Stability of the Bi2Se3(111) topological state: electron-phonon and -defect scattering

TL;DR

This study investigates the stability and electron-phonon interactions of the topological surface state in Bi2Se3(111), revealing a significant electron-phonon coupling and vulnerability to surface defects that disrupt the topological state.

Contribution

It provides the first detailed measurement of electron-phonon coupling in Bi2Se3(111) and examines how surface defects affect the topological surface state.

Findings

Electron-phonon coupling constant lambda=0.25(5).

Topological state is sensitive to surface defects and becomes unobservable after ion bombardment.
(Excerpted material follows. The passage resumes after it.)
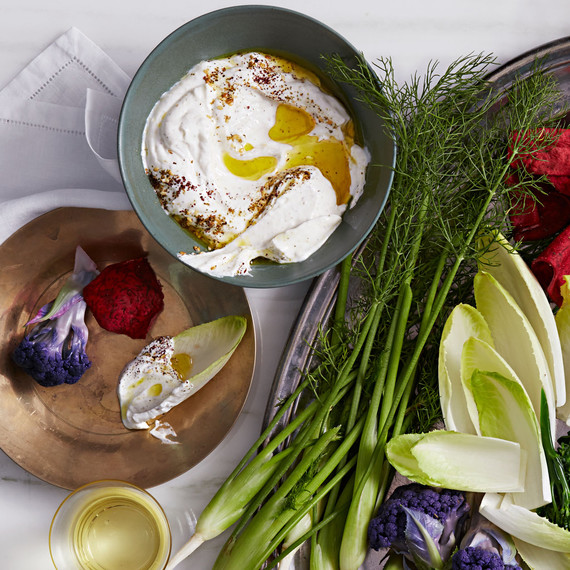 酸奶-dip-with-crudites-and-chips-102797947.jpg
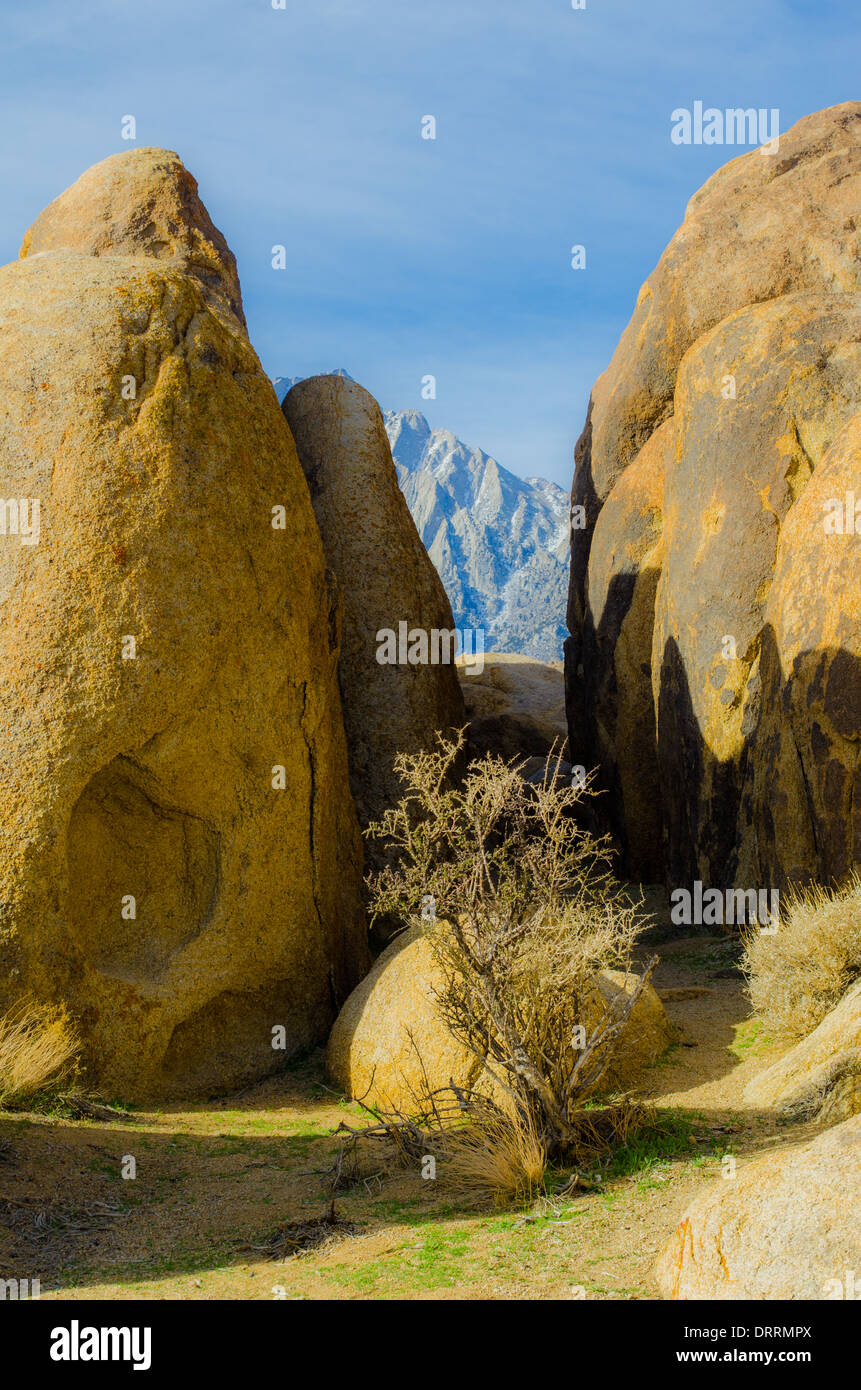 Felsformationen in den Alabama Hills, in der Nähe von Lone Pine CA Stockfoto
The topological state remains stable against intrinsic surface irregularities unless defects are introduced.

Abstract

The electron dynamics of the topological surface state on Bi2Se3(111) is investigated by temperature-dependent angle-resolved photoemission. The electron-phonon coupling strength is determined in a spectral region for which only intraband scattering involving the topological surface band is possible. The electron-phonon coupling constant is found to be lambda=0.25(5), more than an order of magnitude higher than the corresponding value for intraband scattering in the noble metal surface states. The stability of the topological state with respect to surface irregularities was also tested by introducing a small concentration of surface defects via ion bombardment. It is found that, in contrast to the bulk states, the topological state can no longer be observed in the photoemission spectra and this cannot merely be attributed to surface defect-induced momentum broadening.